### [YOUR INSTRUCTIONS]
Where the listing below has a line with "Spare parts for", write out exactly that line and every line after it, stopping after the line with "Gebraucht BMW X1".
(INPUT FOR THIS TASK begins)
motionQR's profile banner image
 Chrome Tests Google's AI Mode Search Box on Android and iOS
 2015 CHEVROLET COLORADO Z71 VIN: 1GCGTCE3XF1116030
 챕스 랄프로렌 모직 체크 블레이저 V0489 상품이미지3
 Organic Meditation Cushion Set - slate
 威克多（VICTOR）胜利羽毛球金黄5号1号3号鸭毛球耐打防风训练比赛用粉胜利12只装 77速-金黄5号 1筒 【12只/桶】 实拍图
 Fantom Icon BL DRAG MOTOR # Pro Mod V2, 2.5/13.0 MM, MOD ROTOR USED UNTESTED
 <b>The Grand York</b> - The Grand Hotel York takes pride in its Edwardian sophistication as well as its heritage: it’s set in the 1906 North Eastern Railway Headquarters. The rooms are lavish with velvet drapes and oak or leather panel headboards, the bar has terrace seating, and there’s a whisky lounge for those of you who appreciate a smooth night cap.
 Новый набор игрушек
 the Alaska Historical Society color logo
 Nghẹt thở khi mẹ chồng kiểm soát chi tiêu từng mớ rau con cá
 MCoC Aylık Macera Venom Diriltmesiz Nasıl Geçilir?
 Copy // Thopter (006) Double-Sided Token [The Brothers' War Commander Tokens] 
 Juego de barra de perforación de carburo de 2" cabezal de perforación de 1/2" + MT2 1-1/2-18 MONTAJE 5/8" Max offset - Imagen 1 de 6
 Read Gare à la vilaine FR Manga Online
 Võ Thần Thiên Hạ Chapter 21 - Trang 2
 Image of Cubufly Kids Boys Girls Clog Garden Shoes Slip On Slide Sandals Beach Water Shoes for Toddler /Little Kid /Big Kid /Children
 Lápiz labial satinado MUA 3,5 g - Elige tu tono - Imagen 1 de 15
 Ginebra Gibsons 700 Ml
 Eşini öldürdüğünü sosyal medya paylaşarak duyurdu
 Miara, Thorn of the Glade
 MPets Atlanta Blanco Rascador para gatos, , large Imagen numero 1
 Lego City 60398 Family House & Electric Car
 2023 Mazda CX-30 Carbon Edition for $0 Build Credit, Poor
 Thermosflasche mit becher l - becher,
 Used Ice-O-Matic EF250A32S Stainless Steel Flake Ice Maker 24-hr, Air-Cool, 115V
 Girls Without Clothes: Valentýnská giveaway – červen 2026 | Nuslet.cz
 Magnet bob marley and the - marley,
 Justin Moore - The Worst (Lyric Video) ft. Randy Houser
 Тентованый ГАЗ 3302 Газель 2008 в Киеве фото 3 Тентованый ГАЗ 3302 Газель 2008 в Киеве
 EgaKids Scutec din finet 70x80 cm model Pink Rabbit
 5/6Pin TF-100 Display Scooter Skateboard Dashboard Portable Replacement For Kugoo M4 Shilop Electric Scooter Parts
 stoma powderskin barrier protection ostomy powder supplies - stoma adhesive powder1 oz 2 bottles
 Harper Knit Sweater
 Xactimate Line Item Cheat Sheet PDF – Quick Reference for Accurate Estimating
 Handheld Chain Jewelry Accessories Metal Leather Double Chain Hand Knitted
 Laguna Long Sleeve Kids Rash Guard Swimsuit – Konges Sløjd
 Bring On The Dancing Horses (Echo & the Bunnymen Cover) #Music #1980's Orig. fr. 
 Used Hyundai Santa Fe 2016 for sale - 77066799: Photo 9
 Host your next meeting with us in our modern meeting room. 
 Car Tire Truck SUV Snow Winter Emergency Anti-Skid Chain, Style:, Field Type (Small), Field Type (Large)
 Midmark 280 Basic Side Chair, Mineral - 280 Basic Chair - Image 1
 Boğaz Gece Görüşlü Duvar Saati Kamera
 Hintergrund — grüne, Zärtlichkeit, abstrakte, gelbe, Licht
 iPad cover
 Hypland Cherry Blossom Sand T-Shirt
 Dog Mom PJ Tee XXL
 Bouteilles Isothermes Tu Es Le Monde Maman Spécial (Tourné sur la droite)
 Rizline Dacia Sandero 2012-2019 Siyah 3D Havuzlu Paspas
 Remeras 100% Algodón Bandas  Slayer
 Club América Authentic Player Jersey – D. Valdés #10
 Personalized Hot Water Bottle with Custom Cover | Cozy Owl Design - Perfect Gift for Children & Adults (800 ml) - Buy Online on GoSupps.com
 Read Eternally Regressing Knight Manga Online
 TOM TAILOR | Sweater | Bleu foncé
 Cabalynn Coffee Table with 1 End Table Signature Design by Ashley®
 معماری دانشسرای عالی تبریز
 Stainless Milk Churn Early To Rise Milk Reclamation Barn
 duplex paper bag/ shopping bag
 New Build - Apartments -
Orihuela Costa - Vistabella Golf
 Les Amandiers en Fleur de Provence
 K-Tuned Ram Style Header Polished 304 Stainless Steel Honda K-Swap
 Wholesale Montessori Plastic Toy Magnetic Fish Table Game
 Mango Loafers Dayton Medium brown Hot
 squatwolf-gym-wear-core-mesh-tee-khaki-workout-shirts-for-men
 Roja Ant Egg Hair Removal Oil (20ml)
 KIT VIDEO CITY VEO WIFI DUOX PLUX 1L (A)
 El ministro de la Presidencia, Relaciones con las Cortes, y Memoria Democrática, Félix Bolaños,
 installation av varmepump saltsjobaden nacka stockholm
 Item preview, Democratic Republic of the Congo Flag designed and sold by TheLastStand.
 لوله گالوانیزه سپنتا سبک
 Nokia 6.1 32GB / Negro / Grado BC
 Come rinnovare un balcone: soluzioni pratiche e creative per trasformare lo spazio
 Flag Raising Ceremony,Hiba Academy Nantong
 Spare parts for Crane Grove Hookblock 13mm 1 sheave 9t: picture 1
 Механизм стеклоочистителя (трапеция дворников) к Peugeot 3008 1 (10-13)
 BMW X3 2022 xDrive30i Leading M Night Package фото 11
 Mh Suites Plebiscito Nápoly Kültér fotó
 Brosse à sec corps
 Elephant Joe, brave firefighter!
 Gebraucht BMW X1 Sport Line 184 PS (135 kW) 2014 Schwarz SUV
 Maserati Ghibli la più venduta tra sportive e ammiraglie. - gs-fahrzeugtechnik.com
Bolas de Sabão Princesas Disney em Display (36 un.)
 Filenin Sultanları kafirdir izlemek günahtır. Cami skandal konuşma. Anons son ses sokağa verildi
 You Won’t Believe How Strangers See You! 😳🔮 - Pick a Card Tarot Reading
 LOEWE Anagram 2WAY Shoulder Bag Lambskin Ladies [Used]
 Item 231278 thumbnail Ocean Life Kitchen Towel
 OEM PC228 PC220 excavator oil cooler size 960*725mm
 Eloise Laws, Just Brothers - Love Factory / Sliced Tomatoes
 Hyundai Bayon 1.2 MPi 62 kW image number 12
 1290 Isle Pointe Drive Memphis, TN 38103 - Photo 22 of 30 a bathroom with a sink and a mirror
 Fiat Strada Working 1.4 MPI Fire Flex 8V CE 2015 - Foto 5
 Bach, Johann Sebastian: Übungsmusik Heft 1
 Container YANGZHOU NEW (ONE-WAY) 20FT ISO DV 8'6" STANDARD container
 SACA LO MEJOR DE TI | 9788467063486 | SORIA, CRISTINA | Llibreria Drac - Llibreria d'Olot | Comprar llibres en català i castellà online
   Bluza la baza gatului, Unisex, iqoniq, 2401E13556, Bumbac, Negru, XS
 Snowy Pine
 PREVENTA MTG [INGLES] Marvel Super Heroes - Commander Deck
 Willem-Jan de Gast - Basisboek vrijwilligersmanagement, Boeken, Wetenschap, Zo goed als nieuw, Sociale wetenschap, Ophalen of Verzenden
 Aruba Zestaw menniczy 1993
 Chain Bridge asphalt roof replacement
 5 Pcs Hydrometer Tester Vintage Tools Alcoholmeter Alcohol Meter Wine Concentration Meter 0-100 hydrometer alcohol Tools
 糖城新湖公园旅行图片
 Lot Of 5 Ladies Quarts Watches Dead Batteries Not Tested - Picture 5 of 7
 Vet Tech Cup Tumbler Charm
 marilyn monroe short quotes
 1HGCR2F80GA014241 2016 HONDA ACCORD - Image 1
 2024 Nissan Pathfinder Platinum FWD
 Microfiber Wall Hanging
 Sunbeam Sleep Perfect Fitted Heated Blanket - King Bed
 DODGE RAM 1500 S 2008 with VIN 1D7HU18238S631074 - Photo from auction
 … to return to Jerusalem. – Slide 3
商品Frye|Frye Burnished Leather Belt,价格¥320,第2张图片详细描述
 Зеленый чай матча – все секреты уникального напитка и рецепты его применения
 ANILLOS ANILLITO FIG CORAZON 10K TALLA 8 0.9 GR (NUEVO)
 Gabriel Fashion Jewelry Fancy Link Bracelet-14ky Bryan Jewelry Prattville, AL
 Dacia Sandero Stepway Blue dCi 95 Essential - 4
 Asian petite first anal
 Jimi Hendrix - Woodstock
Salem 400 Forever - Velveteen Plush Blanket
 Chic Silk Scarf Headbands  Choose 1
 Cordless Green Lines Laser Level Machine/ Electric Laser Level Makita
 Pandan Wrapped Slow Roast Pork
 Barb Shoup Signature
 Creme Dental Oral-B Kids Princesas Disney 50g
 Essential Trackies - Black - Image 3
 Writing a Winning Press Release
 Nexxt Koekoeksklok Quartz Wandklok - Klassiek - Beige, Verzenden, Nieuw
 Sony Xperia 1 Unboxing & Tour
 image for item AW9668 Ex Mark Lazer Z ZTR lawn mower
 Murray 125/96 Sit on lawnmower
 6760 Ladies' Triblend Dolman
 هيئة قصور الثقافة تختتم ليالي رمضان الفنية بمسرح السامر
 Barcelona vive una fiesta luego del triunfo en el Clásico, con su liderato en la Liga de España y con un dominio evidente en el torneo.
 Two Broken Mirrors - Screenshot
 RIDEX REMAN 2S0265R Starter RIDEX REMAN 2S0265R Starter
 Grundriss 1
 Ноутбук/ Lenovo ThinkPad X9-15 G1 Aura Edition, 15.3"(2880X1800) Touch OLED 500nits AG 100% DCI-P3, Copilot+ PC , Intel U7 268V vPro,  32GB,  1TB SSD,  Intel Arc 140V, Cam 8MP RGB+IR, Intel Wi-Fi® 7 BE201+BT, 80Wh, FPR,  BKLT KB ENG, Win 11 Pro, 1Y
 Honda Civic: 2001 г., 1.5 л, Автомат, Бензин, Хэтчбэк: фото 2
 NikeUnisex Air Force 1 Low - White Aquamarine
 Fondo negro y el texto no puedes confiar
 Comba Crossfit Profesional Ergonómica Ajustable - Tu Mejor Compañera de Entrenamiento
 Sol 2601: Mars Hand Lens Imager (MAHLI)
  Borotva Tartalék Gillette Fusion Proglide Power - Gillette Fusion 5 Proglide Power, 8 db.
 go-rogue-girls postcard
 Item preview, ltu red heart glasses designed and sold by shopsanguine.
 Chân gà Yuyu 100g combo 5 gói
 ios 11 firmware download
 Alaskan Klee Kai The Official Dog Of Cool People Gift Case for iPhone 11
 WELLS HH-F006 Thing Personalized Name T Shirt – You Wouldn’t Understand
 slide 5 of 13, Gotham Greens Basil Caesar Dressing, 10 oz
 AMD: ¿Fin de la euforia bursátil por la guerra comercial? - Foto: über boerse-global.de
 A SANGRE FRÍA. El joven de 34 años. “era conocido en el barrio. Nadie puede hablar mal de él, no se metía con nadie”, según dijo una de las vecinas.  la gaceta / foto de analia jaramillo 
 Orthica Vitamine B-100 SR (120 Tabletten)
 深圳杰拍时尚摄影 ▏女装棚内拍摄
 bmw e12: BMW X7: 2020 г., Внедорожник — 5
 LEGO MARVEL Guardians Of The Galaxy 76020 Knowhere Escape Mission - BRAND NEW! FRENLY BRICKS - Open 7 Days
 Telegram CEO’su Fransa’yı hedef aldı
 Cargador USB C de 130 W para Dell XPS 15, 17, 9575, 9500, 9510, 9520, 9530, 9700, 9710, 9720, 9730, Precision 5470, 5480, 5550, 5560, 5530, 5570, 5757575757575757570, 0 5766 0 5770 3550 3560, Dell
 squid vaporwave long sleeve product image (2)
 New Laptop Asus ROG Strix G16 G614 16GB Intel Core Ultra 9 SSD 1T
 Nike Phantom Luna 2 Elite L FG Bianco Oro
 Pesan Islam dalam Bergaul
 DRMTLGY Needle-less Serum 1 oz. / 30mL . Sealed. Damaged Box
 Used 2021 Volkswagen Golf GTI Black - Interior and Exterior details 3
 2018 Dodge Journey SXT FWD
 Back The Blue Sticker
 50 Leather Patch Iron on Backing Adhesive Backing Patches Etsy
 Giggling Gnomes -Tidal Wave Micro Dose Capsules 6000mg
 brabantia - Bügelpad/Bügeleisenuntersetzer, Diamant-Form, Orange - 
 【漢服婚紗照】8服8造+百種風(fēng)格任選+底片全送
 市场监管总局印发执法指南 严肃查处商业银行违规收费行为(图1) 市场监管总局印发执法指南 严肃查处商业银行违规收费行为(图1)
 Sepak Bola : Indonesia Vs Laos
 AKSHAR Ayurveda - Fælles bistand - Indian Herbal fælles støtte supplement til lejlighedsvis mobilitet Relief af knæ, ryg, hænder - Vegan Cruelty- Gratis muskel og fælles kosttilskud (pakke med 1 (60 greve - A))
(INPUT FOR THIS TASK ends)
### [PROBLEM SOLUTION]
 Spare parts for Crane Grove Hookblock 13mm 1 sheave 9t: picture 1
 Механизм стеклоочистителя (трапеция дворников) к Peugeot 3008 1 (10-13)
 BMW X3 2022 xDrive30i Leading M Night Package фото 11
 Mh Suites Plebiscito Nápoly Kültér fotó
 Brosse à sec corps
 Elephant Joe, brave firefighter!
 Gebraucht BMW X1 Sport Line 184 PS (135 kW) 2014 Schwarz SUV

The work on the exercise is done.